What is the essence of the brand mantra? It has three essential parts. One part is the brand function, and it represents the nature of the product or service, it describes the type of experiences or benefits that the brand provides. The second part is the descriptive modifier that further classifies or clarifies the nature of what the brand is delivering. The third part is the emotional qualifier that explains precisely what those benefits are.

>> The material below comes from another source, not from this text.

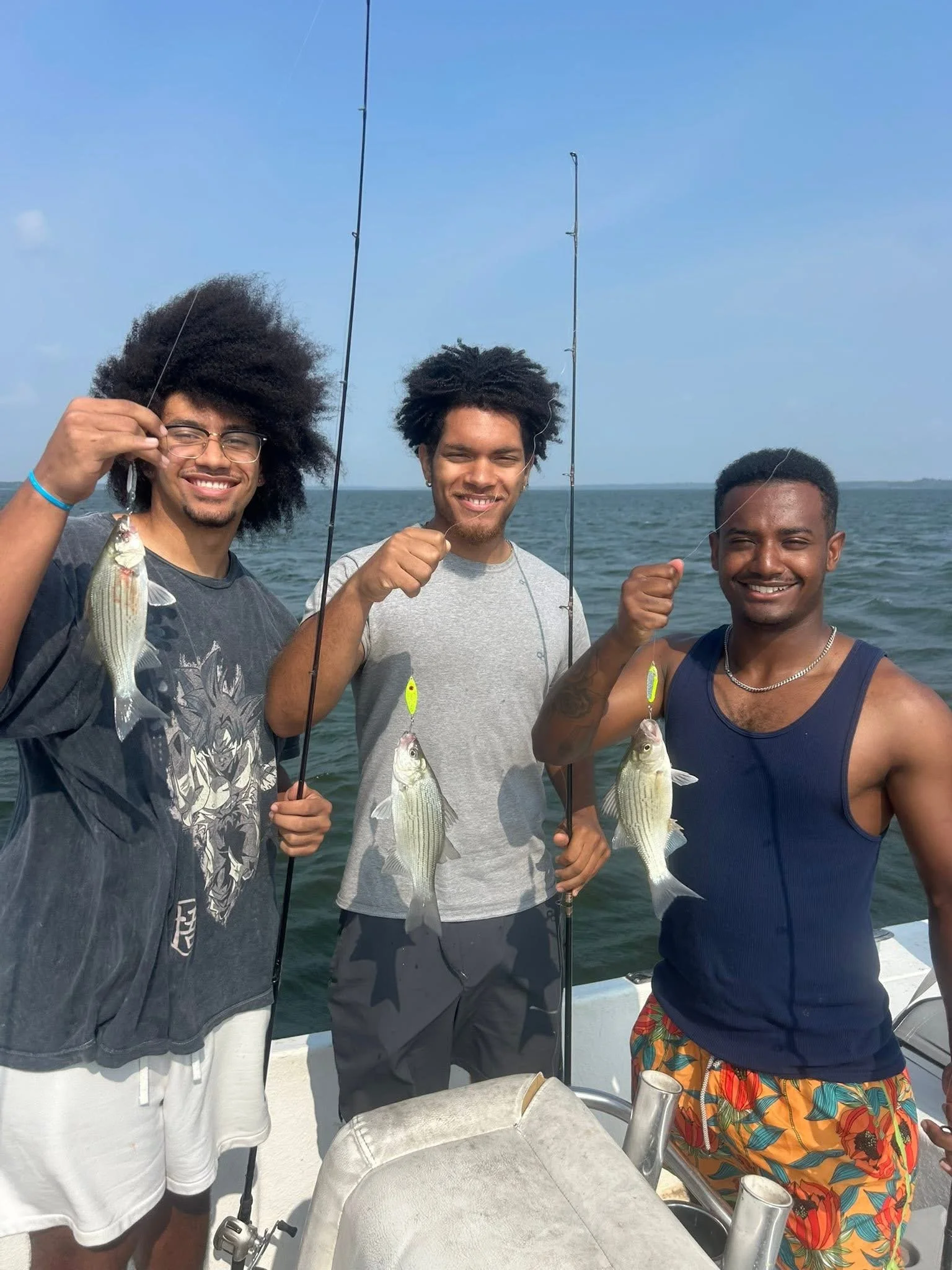 Three men on a boat holding fishing rods with fish they've caught, smiling with the ocean in the background under a partly cloudy sky.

The brand mantra is used internally to guide decisions, and it includes what the brand should and shouldn't be. It is essential to understand that a brand mantra communicates what a brand is and what a brand isn't. Ideally, your brand mantra is black and white. For example, this is Nike. This is not Nike. This type of idea informs the boundaries of the brand. The brand mantra has to be short, simple and should be inspirational.
  • Nike: Authentic Athletic Performance
    One of the best brand mantras of all time, developed by Nike’s marketing guru Scott Bedbury in the late 1980s (he would later become Starbucks’ marketing guru). Bedbury coined the phrase brand mantra. It did everything you would want a brand mantra to do—it kept the Nike brand on track, it differentiated the brand from its main competitor at the time (Reebok), and it genuinely inspired Nike employees.
  • Disney: Fun Family Entertainment
    Adding the word magical would have probably made it even better, but this brand mantra—also created in the late 1980s—was crucial in ensuring the powerful Disney marketing machine didn’t overextend the brand. Establishing an office of brand management at that same time with a mission to “inform and enforce” the brand mantra gave it real teeth.
  • Ritz-Carlton: Ladies and Gentlemen Serving Ladies and Gentlemen
    The Ritz-Carlton brand mantra has a clear internal and external message, an especially important consideration for services brands. It is simple but universally applicable in all that Ritz-Carlton does and highly aspirational.
  • BMW: Ultimate Driving Machine
    BMW’s brand mantra is noteworthy in two ways. One, it reveals the power of a straddle branding strategy by combining two seemingly incompatible sets of attributes or benefits. When launched in North America, some cars offered either luxury or performance, but not both. Two, it is also a good example of how a brand mantra can be used as a slogan if its graphic nature is compelling enough as is.
  • Betty Crocker: Homemade Made Easy
    Another example of a brand mantra that was effective as a descriptive ad tagline, Betty Crocker’s brand mantra remarkably staked out three points of difference (“quality,” “family,” and a “rewarding baking experience”) as well as a crucial point of parity (“convenience”) at the same time.
    Three of my favorites:
  • Ace Hardware: Ace is the Helpful Hardware Place
    They have defined customer service as being Helpful, and in their hiring, training and customer interactions, they make it clear that Helpful is what they are all about.
  • Old Dominion Semi truck
  • Spotted on the side of a semi: “Helping the World Keep Promises” The company - Old Dominion Freight Line.